__WHAT THIS TASK INVOLVES__.
Reproduce the records below exactly, but only between the lines holding "The Gender Question" and "983802E001 Arm Cover", inclusive.

__DATA IN THIS EXERCISE__.
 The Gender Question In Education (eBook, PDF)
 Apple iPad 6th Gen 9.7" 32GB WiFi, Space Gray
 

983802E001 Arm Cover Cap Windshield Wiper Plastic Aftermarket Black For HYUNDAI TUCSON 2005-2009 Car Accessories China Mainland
---
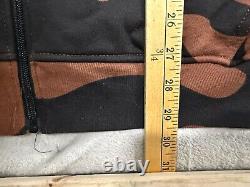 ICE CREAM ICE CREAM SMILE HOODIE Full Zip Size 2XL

__ANSWER BOX__.
 The Gender Question In Education (eBook, PDF)
 Apple iPad 6th Gen 9.7" 32GB WiFi, Space Gray
 

983802E001 Arm Cover Cap Windshield Wiper Plastic Aftermarket Black For HYUNDAI TUCSON 2005-2009 Car Accessories China Mainland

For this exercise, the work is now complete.